The title character of Artemis Fowl gradually does this over the course of The Arctic Incident, The Eternity Code, briefly reverting because of a mind wipe, and finishing the transformation in The Opal Deception.
From Michael Grant's cult-followed GONE series, Diana Ladris starts out a manipulative, lying, apathetic sociopath, and slowly moulds into the token good teammate of Caines team and eventually does a heel face turn and joins the protagonists in FEAR it doesn't last long. Only took her five 600-page books, too.
Blackstar also, believe it or not. While Onestar becomes more of a jerk as the series goes on, Blackstar (a gruff battle-scarred cat) becomes something like an old kindly veteran who still has a gruff side.

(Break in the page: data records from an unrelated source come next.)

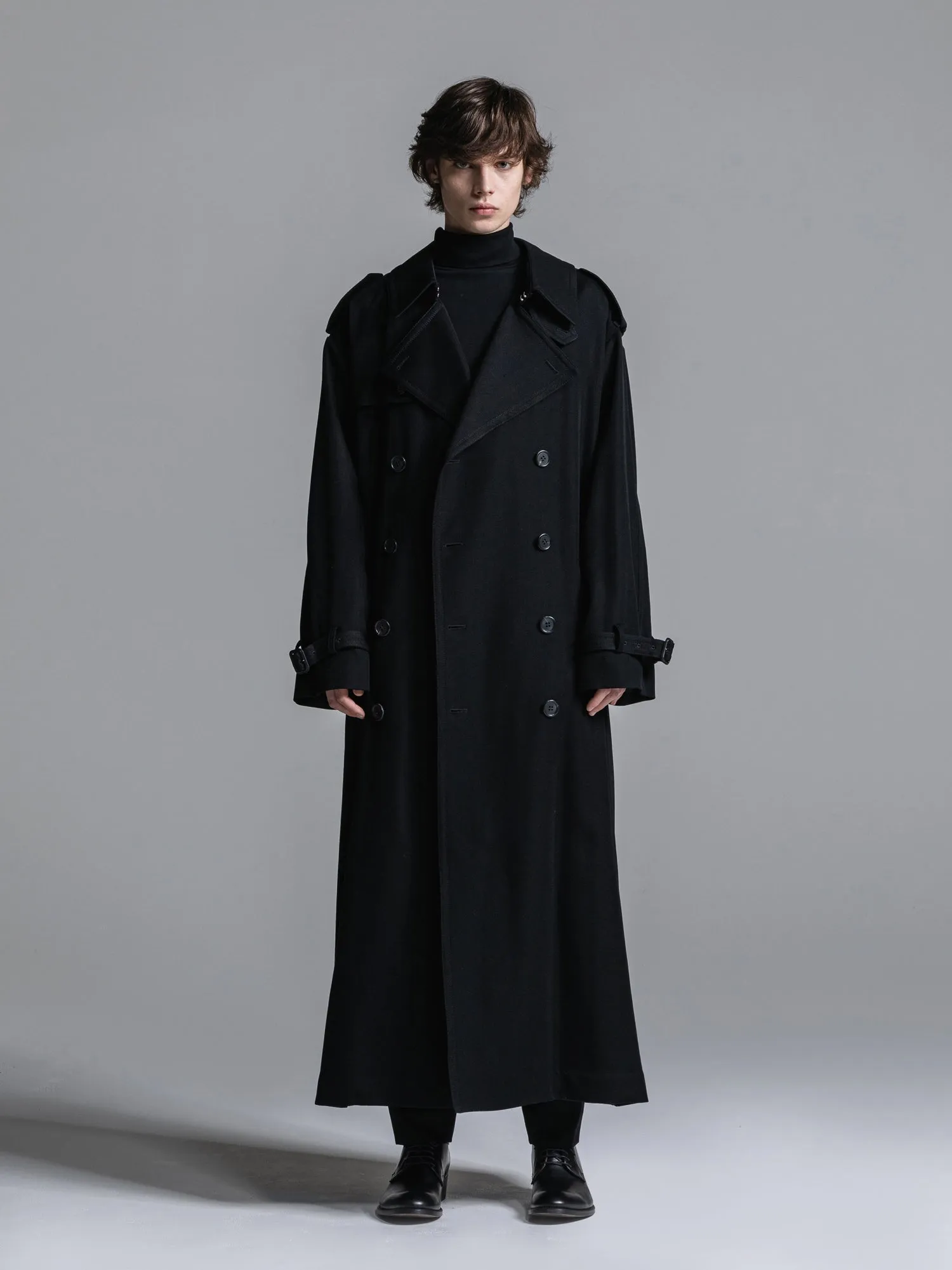 WOOL GABARDINE OVERSIZED MAXI TRENCH COAT [2024A/W]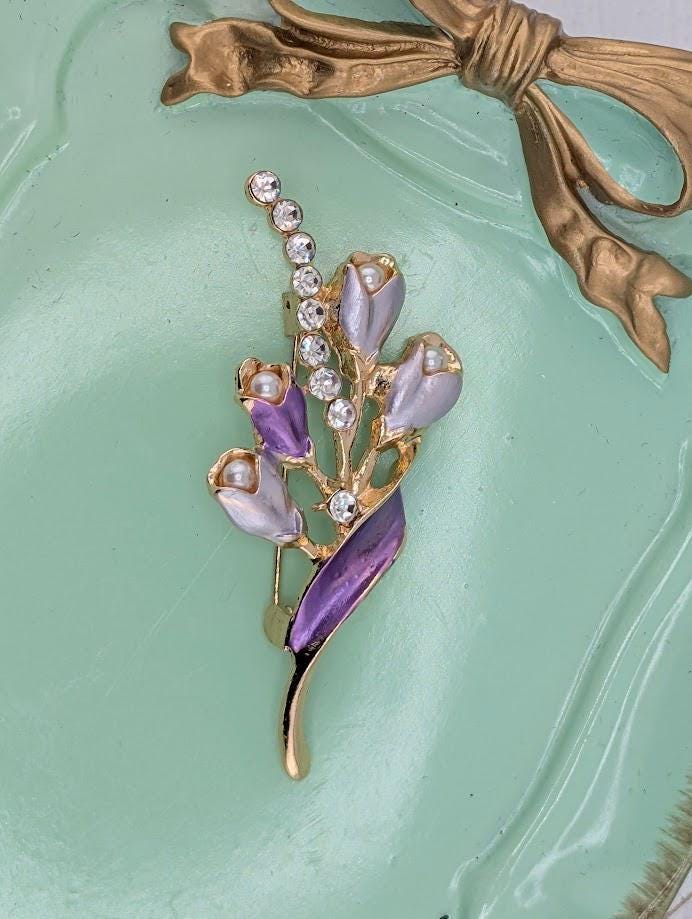 Gold Plated Brooch: Purple and White Floral Enamel - Elegant Pin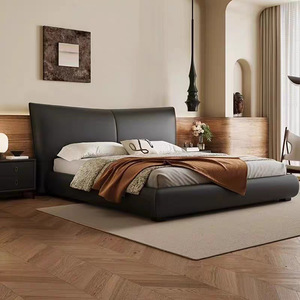 Ensemble de meubles de chambre d'hôtel de luxe sur mesure, <span class=keywords><strong>lit</strong></span> king size classique 200x200, <span class=keywords><strong>cadre</strong></span> <span class=keywords><strong>en</strong></span> <span class=keywords><strong>bois</strong></span> confortable <span class=keywords><strong>en</strong></span> cuir véritable - Product Image 1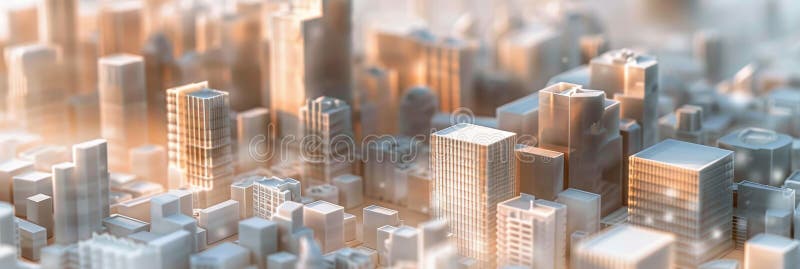 Stylizowany model architektoniczny miasta ilustrujący planowanie i projektowanie miast ilustracja wektor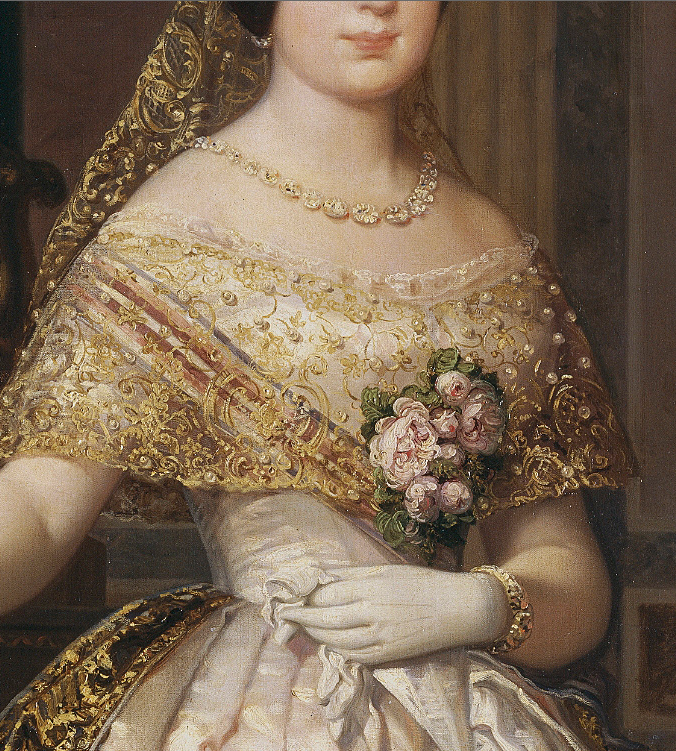 Федерико Мадрасо. Изабелла Вторая, 1848 год. Отделка лифа.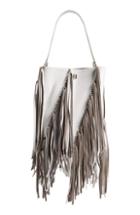 Proenza Schouler Medium Hex Fringe Calfskin Leather Bucket Bag - White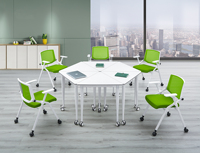 Table de bureau triangulaire blanche, table d'assemblage, mobilier de bureau moderne, table de réunion, formation du personnel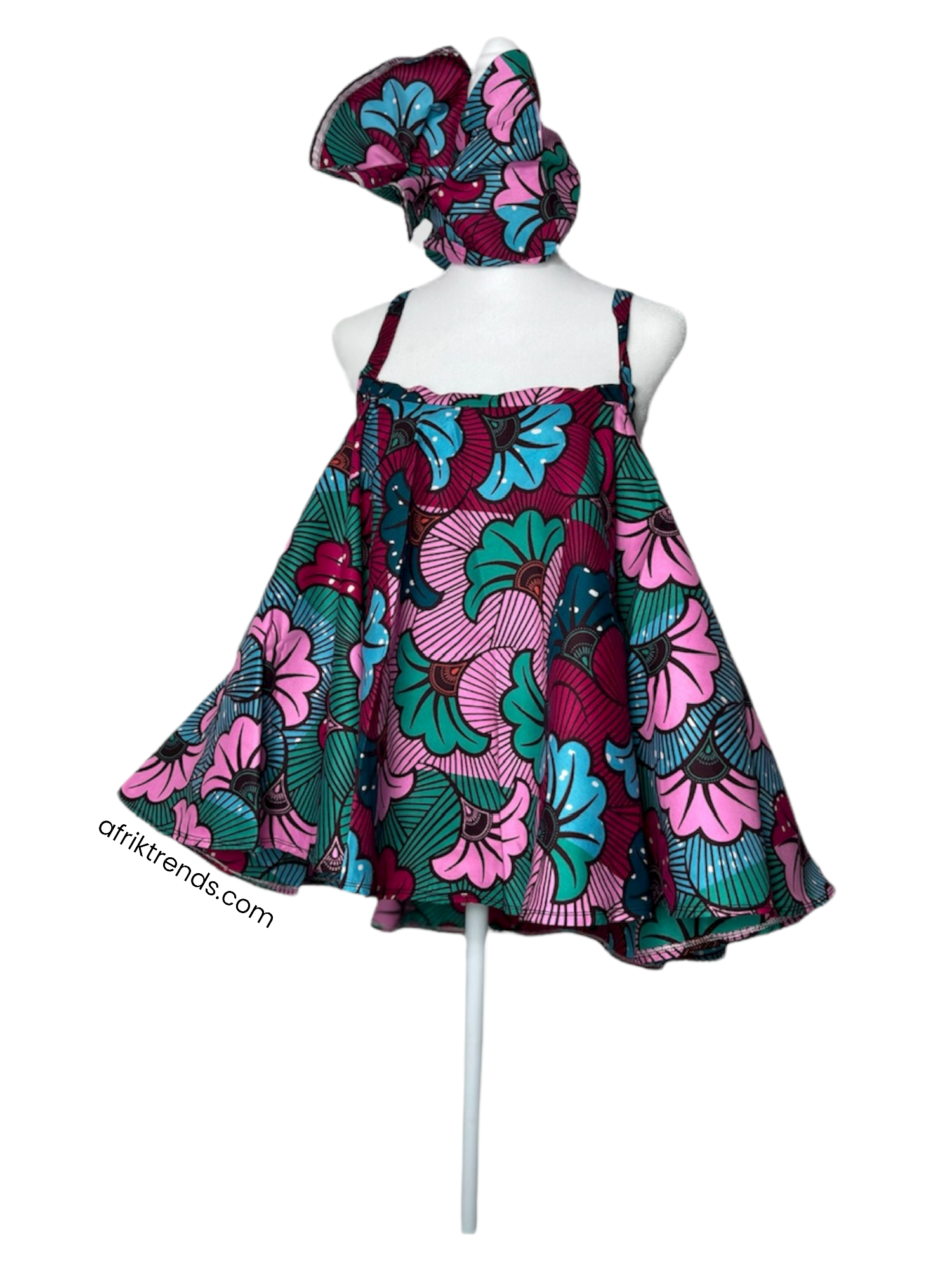 Ankara Spaghetti Strap Flowy Blouse With Matching Headwrap Ankara Spaghetti Strap Flowy Blouse With Matching Headwrap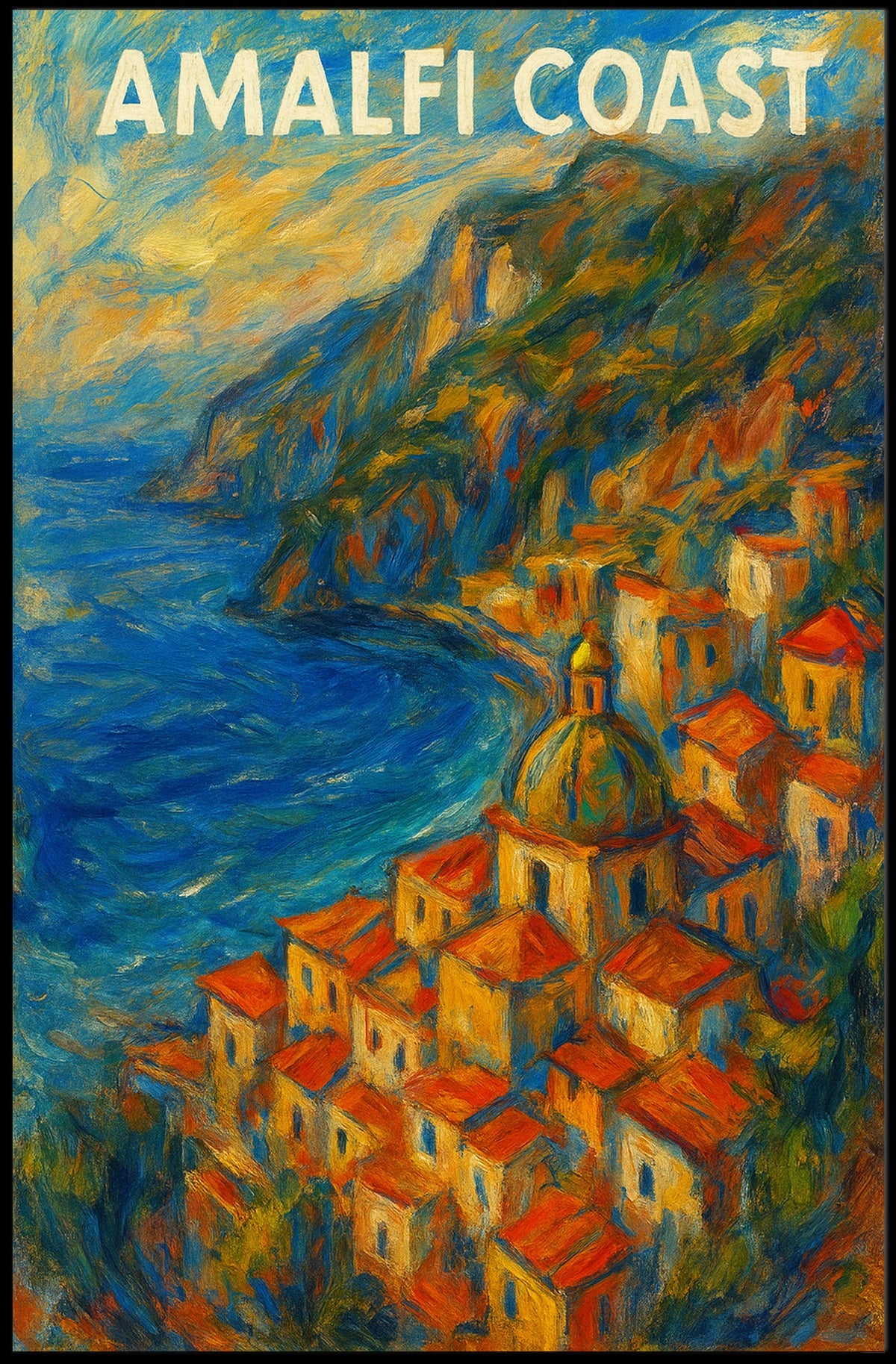 Amalfi Coast Poster Art Print for Coastal Home Decor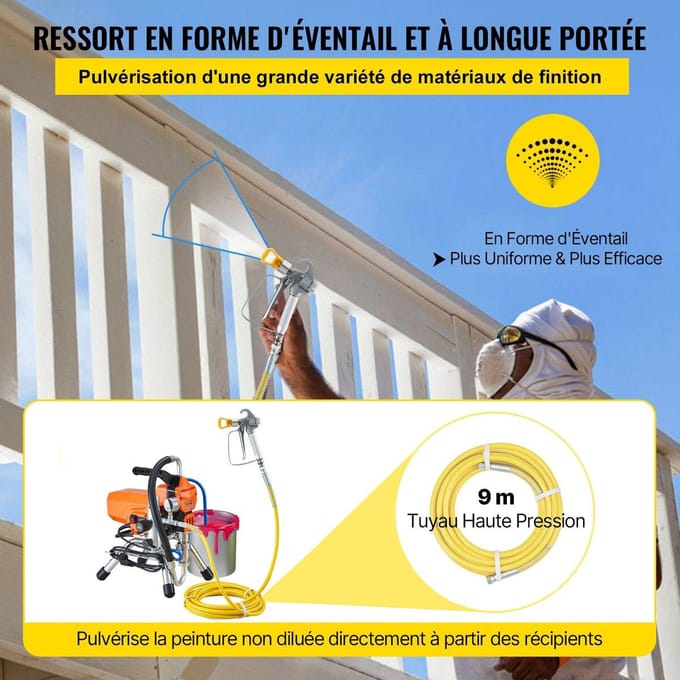 Pistolet à Peinture Airless Haute Pression 2200W Peinture Pulvérisateur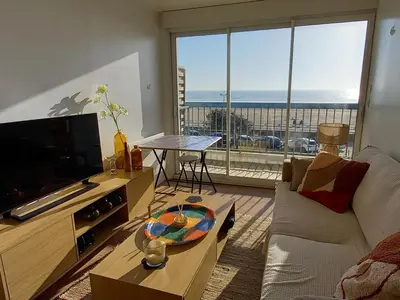 Télévision ou salle de divertissement dans l'établissement Superbe appartement moderne 2 chambres vue mer, 2 salles d'eau, parking, animaux admis - FR-1-323-276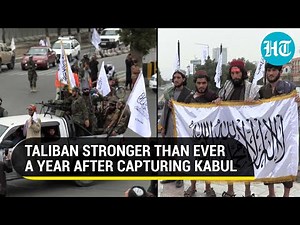 Taliban fighters celebrate on Kabul streets as Afghan Islamists mark first anniversary of their rule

Taran, of the Chronicles of Prydain, goes through several levels of kindness, thanks to massive amounts of Character Development. In the first book, he's a whiny Designated Hero who gets into trouble, is rude to Gurgi and Eilonwy because they annoy him, and tries to attack Flewdry Flam with a sword simply because he was expecting someone else to be waiting for him. By the end of the series, he has become far more patient and kind, proving himself to be worthy of the title of High King.